15 de junio de 2018
15.06.2018

A punta de gas viene un barco

15.06.2018 | 04:15
A punta de gas viene un barco

A punta de gas viene un barco. Al ralentí, como una verdad eterna, que se toma su tiempo para hacerse más vívida, más visible en el horizonte, más presente. Como una prueba.
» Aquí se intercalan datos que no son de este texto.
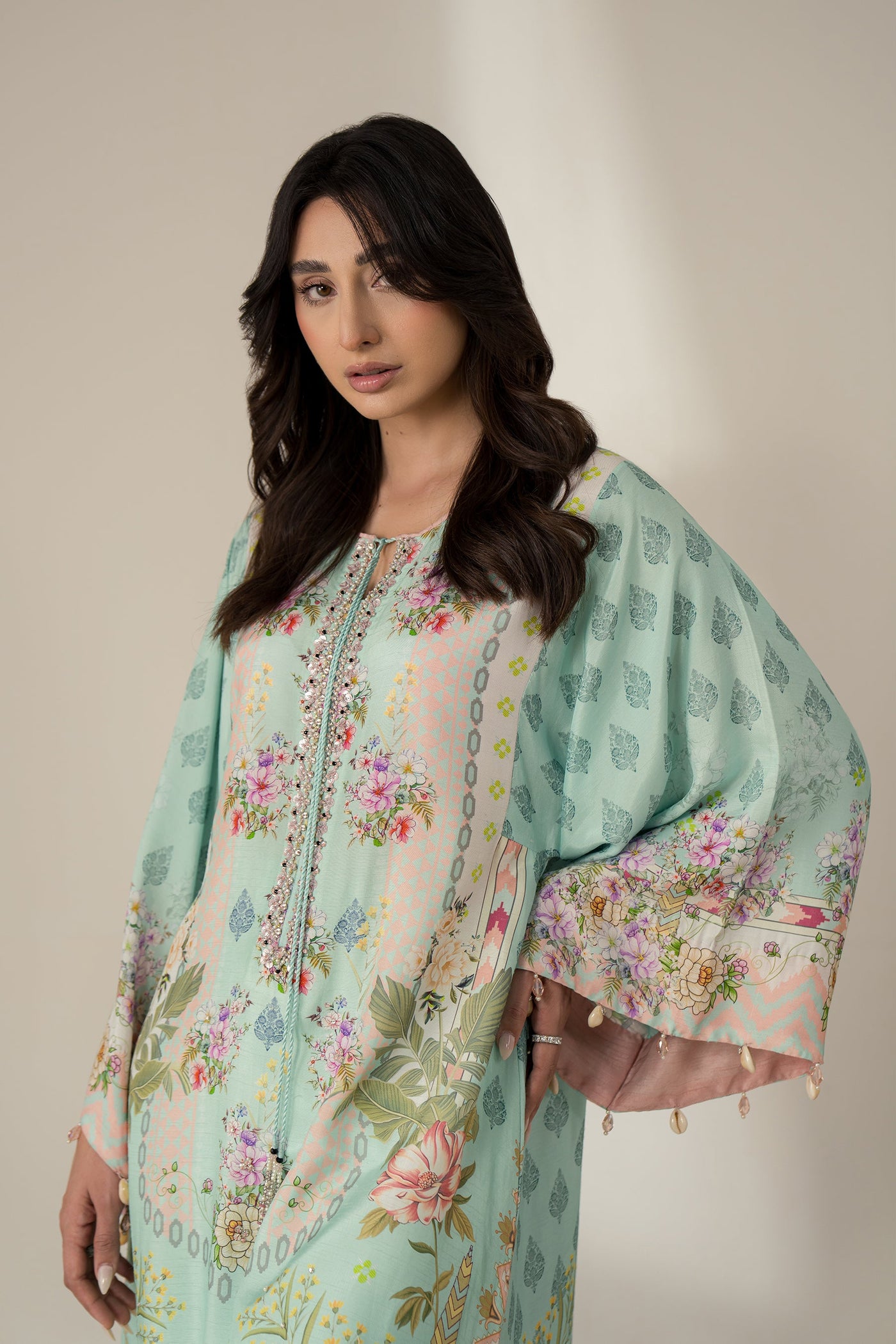 https://cdn.shopify.com/s/files/1/2402/3147/files/17_dc38cbf5-e4de-4f9e-8d9c-8243e84fab49.jpg?v=1739367381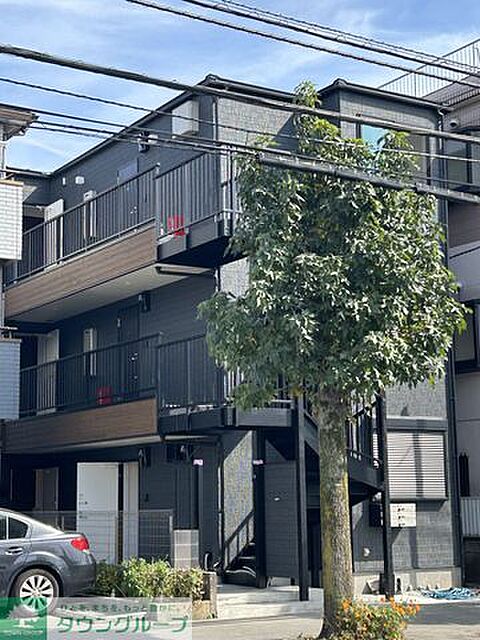 9 / 18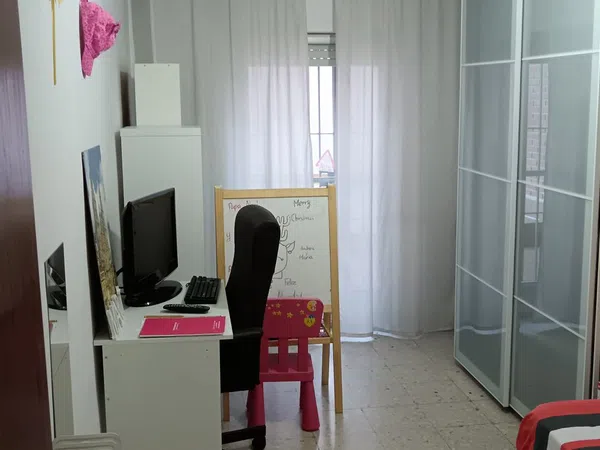 Piso en La Alhóndiga - Foto 2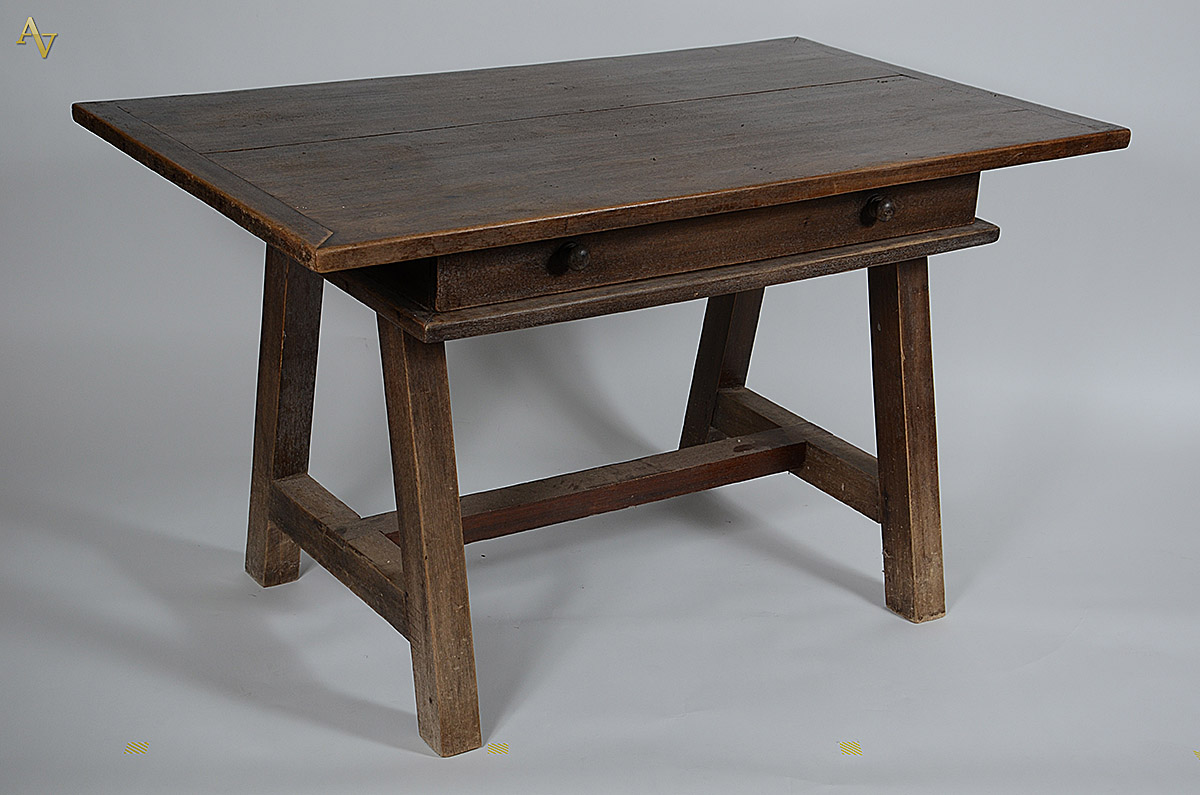 Mesa de madeira nobre com uma gaveta, base feitio cavalete, med. 136...
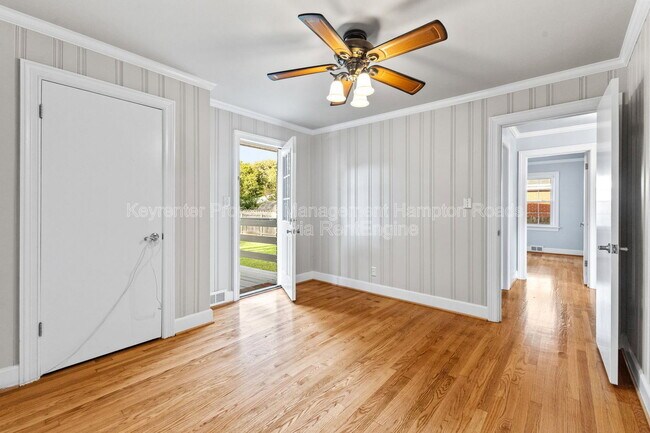 Building Photo - 4900 Briarwood Ln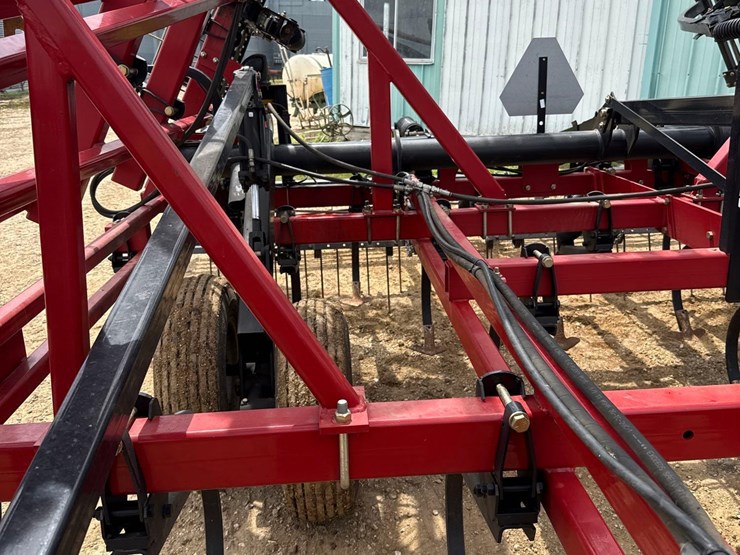 2014-case-ih-tigermate-200-image-30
La paz está fabricada con los materiales de la verdad. Y la esencia de la verdad humana no es la unicidad, sino la honestidad íntima, la que conecta el corazón y la cabeza. La verdad habita en mí cuando me despierto con la cabeza en el corazón, he escrito en algún lado. Así lo pienso y así lo siento hoy: si ver fascistas por todas partes genera una representación irreal del mundo, no verlos por ninguna parte te lleva a la guerra.
Cuando tengo delante un debate público me gusta reunir, de una parte, a Sócrates y a Jesús de Nazaret, a Rousseau o a Gandhi, porque se les conoce bien. De la otra a Hitler y Stalin, Franco, Mussolini y Mao, por lo mismo. En el caso del Aquarius también he reunido el cónclave y te puedes imaginar quién está en cada posición. Y qué bando me acusa de demagogia.

La historia no es una realidad fosilizada sobre anaqueles, sino una expresión de la evolución humana en su entorno. La Historia es el presente continuo que fabricamos entre todos. Podemos ser, como individuo y como especie, vectores de vida o de muerte. Cuanta mayor conciencia tenemos de este hecho, mayor responsabilidad asumimos, de manera que en estos tiempos de las fake news la búsqueda de la verdad es camino y destino, como siempre, pero nos vemos obligados a afinar los mecanismos de consecución y transmisión del conocimiento.
Como siempre, la igualdad de los seres humanos debe ser principio rector, que da forma e inspira nuestra conducta, pero su aplicación efectiva solo se consigue con su praxis, a la que llamamos equidad. Debemos practicar y exigir su práctica efectiva. En el mundo real debemos vivir en cotidiana equidad.

Amo a Europa. A veces la quiero y a veces la odio. Por eso sé que es amor de verdad, porque no cabe en mí la indiferencia. Para conseguir y mantener la paz en el mundo hoy día resulta perentorio dejar sin base social a los odiarios europeos, a los fabricantes de odio, que cada vez que dicen querer una Europa cristiana no hacen sino escupir a Cristo. Lo verdaderamente cristiano es hacer lo que Jesús hizo, no decir lo que dijo.
La realidad es indivisible, así que en el mundo de los hechos la división condena finalmente a quien divide. Todas y todos somos libres e iguales. Rechazar artificiosamente esta expresión nuclear de la realidad en lugar de integrarla en tu representación de la misma es como escupir contra el viento. La realidad no se adapta a la conveniencia. Más pronto que tarde los confusos apreciarán el error, a través del sufrimiento propio o quizá viendo el sufrimiento del prójimo. Alguien ganará unas elecciones con mentiras y su pueblo pagará durante al menos una generación, con la guerra y sus treinta cosechas de miserias.

Si tomamos conciencia de nuestra precaria realidad como especie advertiremos que son muchos los retos que se nos presentan a bordo del Aquarius global, de esta nave acuática que vaga por el cosmos. Embarcados en este planeta maravilloso, vulnerable e infinitesimalmente diminuto, solo la cooperación, y no la competencia, nos puede proporcionar la supervivencia como entera raza humana, raza tan nimia a escala cósmica como gloriosa en potencia.

Entre los cooperantes que acogerán el Aquarius, codo a codo con Sócrates, encontraréis a Jesús de Nazaret, porque siempre anda cerca. A los que no lo sepan, explicadles que Nazaret es morada de pescadores, que se trata de un digno, humilde, acogedor y representativo barrio de València. A punta de gas viene un barco.